SAN FRANCISCO -- Lawyers in court Thursday on the shooting death of Kate Steinle said the murder case that ignited a furious national debate over illegal immigration won't go to trial until next year, long after the presidential election.
Although a judge set Dec. 2 as the date to assign the case for trial, it could take months -- or longer -- for the trial of Juan Francisco Lopez-Sanchez to begin in earnest.
"I have cases that are 4 years old," prosecutor Diane Garcia said during the two-minute hearing.
Outside court, Matt Gonzalez, Lopez-Sanchez's public defender, said there have been no discussions of a plea deal in the killing of Steinle, who was shot in the back while walking with her father along San Francisco's Pier 14 on July 1, 2015.
Kathryn Steinle is seen in a 2009 photograph. Steinle died from a single gunshot wound on July 1, 2015, while walking on Pier 14 along San
Kathryn Steinle is seen in a 2009 photograph. Steinle died from a single gunshot wound on July 1, 2015, while walking on Pier 14 along San Francisco's Embarcadero with her father. (Courtesy of Nicole Ludwig)
"It is a case that is really all or nothing," Gonzalez said, repeating his position that the shooting was accidental.

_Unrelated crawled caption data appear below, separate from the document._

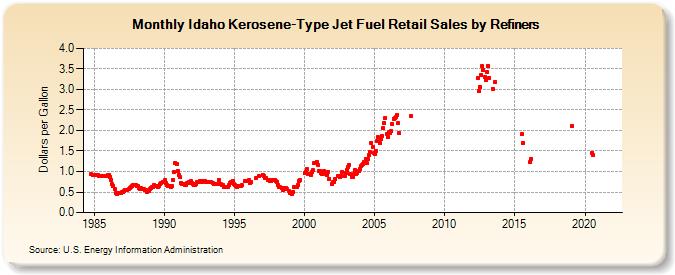 Idaho Kerosene-Type Jet Fuel Retail Sales by Refiners (Dollars per Gallon)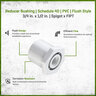 Sch 40 PVC Reducer Bushing Flush Style 3/4 in. x 1/2 in. Spigot x FIPT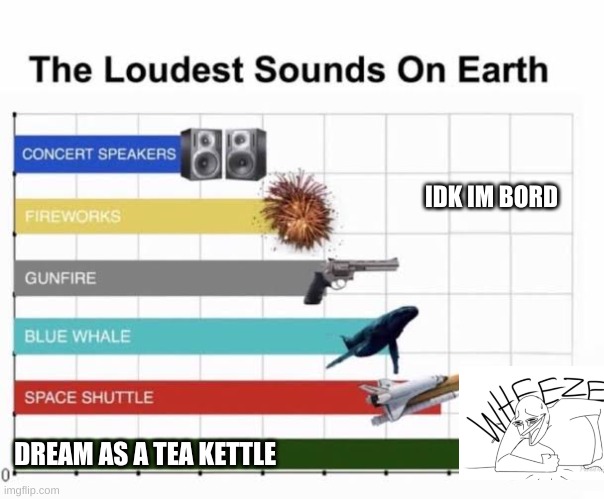 dream teakettle | IDK IM BORD; DREAM AS A TEA KETTLE | image tagged in the loudest sounds on earth,dream | made w/ Imgflip meme maker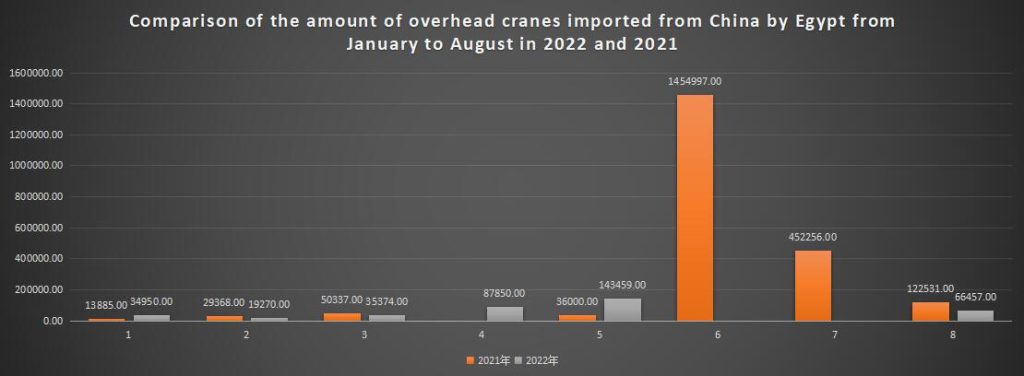 Comparison of the amount of overhead cranes imported from China by Egypt from January to August in 2022 and 2021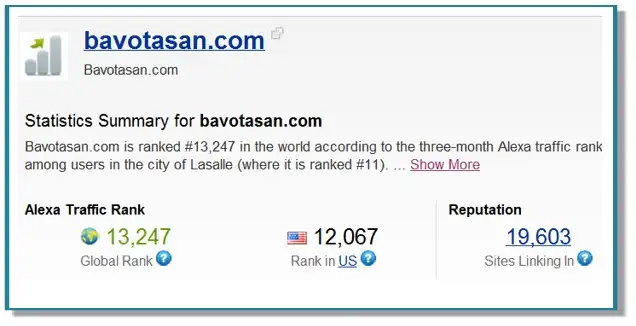 Bavotasan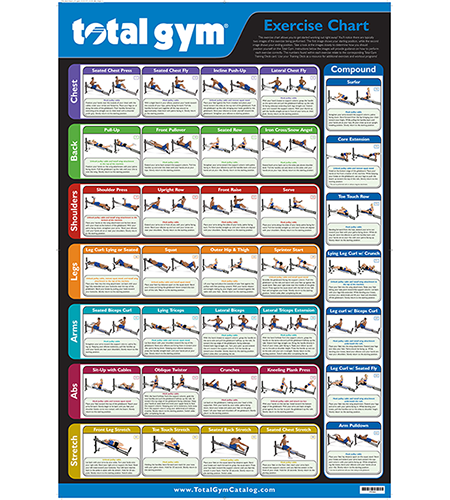 Total Gym Exercise Chart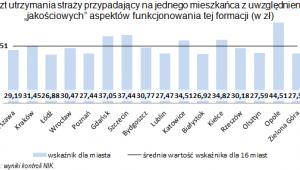 Koszty utrzymania straży miejskiej, źródło: NIK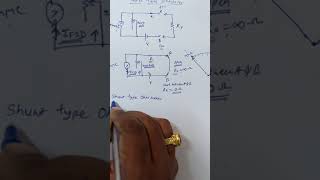 Series type and shunt type ohm meter using PMMC [upl. by Ecirpak]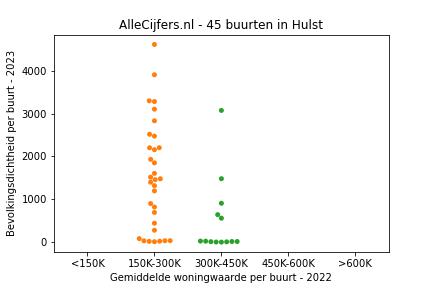 Overzicht van de 79 wijken en buurten in gemeente Hulst. Deze afbeelding toont een grafiek met de gemiddelde woningwaarde op de x-as en de bevolkingsdichtheid (het aantal inwoners per km² land) op de y-as. Hierbij is iedere buurt in Hulst als een stip in de grafiek weergegeven.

Steinle was struck by a bullet fired from a gun stolen days earlier from a U.S. Bureau of Land Management ranger. Lopez-Sanchez's lawyers claim he found the gun on the pier and fired it accidentally. The bullet struck the pier deck and ricocheted, hitting Steinle in the back.
Garcia claims Lopez-Sanchez intended to kill Steinle, claiming he fired what she's called "a skip shot." But a ballistics expert who testified at Lopez-Sanchez's preliminary hearing last year said such a shot would be nearly impossible because the bullet could not have followed a straight path after hitting the pier
Republican presidential nominee Donald Trump has held up Lopez-Sanchez -- a Mexican national who had been deported five times only to re-enter the United States -- as one of his justifications for building a wall along the Mexican border and mentioned Steinle in his acceptance speech in Cleveland last month.
Local and federal authorities came under fire in the aftermath of the killing for releasing Lopez-Sanchez back on the streets of San Francisco just weeks before Steinle's killing, in part, because of the city's refusal to hold suspects for immigration violations.